**Goal of the exercise**
Exact reproduction required: print each line of the material below.

**Raw data**
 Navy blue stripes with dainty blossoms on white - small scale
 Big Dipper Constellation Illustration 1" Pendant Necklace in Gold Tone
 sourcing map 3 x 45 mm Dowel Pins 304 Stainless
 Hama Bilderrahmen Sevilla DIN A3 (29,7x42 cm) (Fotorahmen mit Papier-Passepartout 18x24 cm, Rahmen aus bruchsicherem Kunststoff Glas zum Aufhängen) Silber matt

**Task solution**
 Navy blue stripes with dainty blossoms on white - small scale
 Big Dipper Constellation Illustration 1" Pendant Necklace in Gold Tone
 sourcing map 3 x 45 mm Dowel Pins 304 Stainless
 Hama Bilderrahmen Sevilla DIN A3 (29,7x42 cm) (Fotorahmen mit Papier-Passepartout 18x24 cm, Rahmen aus bruchsicherem Kunststoff Glas zum Aufhängen) Silber matt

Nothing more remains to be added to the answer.